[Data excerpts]
------------

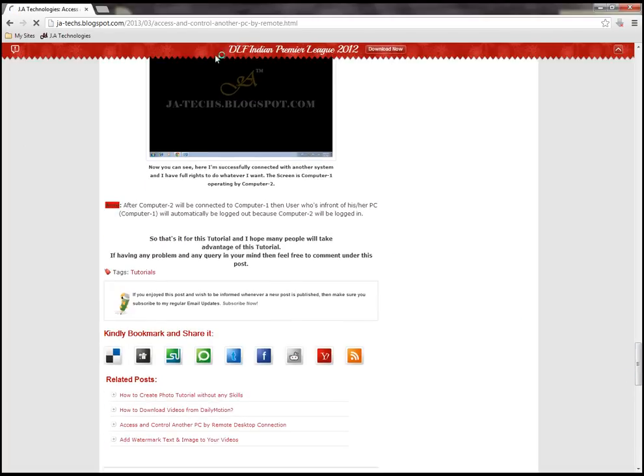You can see the direct link of this page in the description of this video.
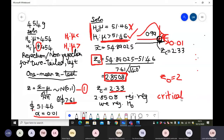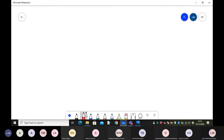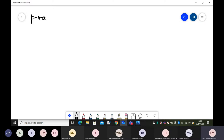This approach that we used is known as the critical value approach. We looked for Z-critical and found that it was 2.33. We have another approach which is referred to as the p-value approach. So what is this p-value approach all about?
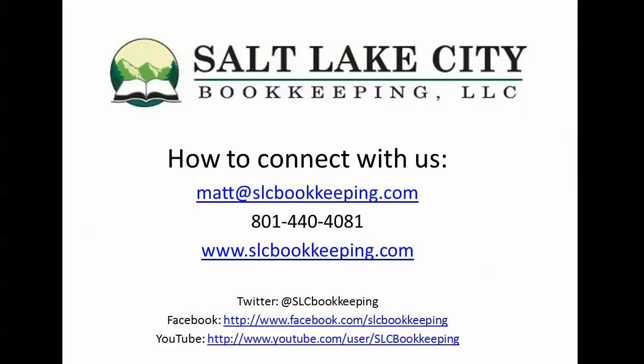How's it going everyone? Matt Roberge from Salt Lake City Bookkeeping. Today I'm going to do a short video demonstration on our remote QuickBooks training and support services.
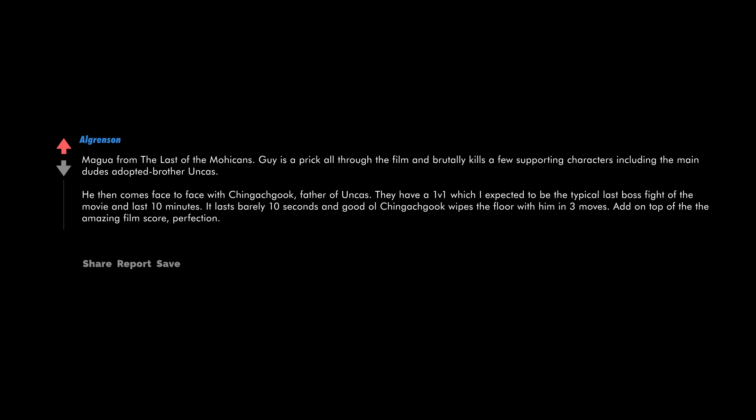Magua from The Last of the Mohicans. Guy is a prick all through the film and brutally kills a few supporting characters including the main dude's adopted brother Uncas. He then comes face to face with Chingachgook, father of Uncas. They have a 1v1 which I expected to be the typical last boss fight of the movie and last 10 minutes. It lasts barely 10 seconds and good ol' Chingachgook wipes the floor with him in three moves. Add on top of that the amazing film score - perfection.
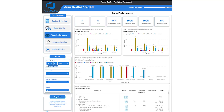Another important section is the team performance. It provides a detailed allocation of the team members and their overall productivity. It helps the Scrum team in taking crucial decisions during retrospectives and planning sessions.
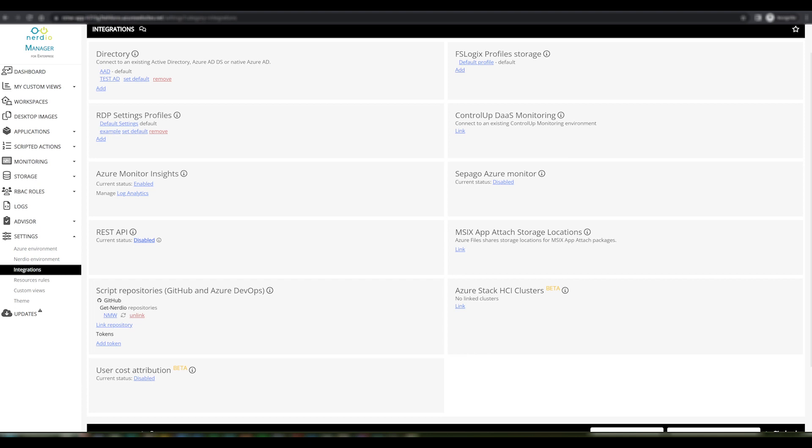This builds upon the RDP settings profiles function introduced in 4.6, which has been well received by customers because it allows you to define your RDP settings at a global level and then have host pools inherit them, rather than setting properties on each pool individually. This saves a lot of time, especially in organizations with a large number of host pools.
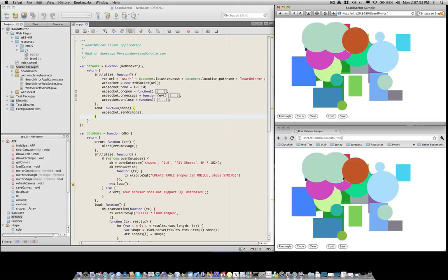What's happening here is that we're using a WebSockets connection to remote this event, the event of drawing a figure, and we exchange all the information that is necessary to draw the figure on the other canvas, namely the location of the figure, the color, and the type of figure.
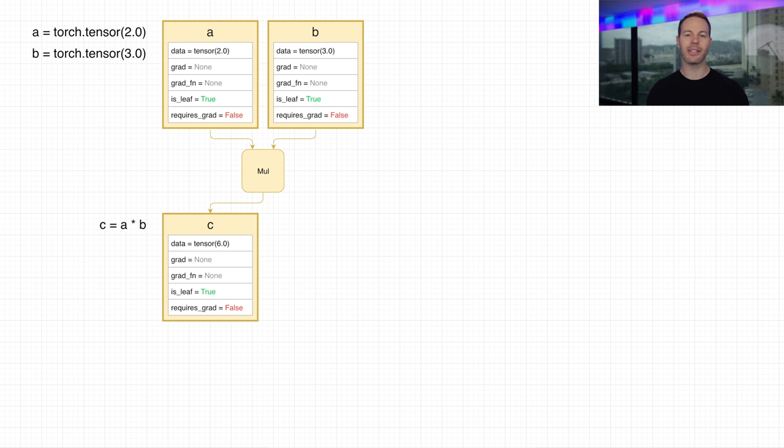In today's video, I wanted to take a deep dive into how PyTorch's Autograd system works.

------------

Please set down every line of the data above precisely, dropping the images.

You can see the direct link of this page in the description of this video.
This approach that we used is known as the critical value approach. We looked for Z-critical and found that it was 2.33. We have another approach which is referred to as the p-value approach. So what is this p-value approach all about?
How's it going everyone? Matt Roberge from Salt Lake City Bookkeeping. Today I'm going to do a short video demonstration on our remote QuickBooks training and support services.
Magua from The Last of the Mohicans. Guy is a prick all through the film and brutally kills a few supporting characters including the main dude's adopted brother Uncas. He then comes face to face with Chingachgook, father of Uncas. They have a 1v1 which I expected to be the typical last boss fight of the movie and last 10 minutes. It lasts barely 10 seconds and good ol' Chingachgook wipes the floor with him in three moves. Add on top of that the amazing film score - perfection.
Another important section is the team performance. It provides a detailed allocation of the team members and their overall productivity. It helps the Scrum team in taking crucial decisions during retrospectives and planning sessions.
This builds upon the RDP settings profiles function introduced in 4.6, which has been well received by customers because it allows you to define your RDP settings at a global level and then have host pools inherit them, rather than setting properties on each pool individually. This saves a lot of time, especially in organizations with a large number of host pools.
What's happening here is that we're using a WebSockets connection to remote this event, the event of drawing a figure, and we exchange all the information that is necessary to draw the figure on the other canvas, namely the location of the figure, the color, and the type of figure.
In today's video, I wanted to take a deep dive into how PyTorch's Autograd system works.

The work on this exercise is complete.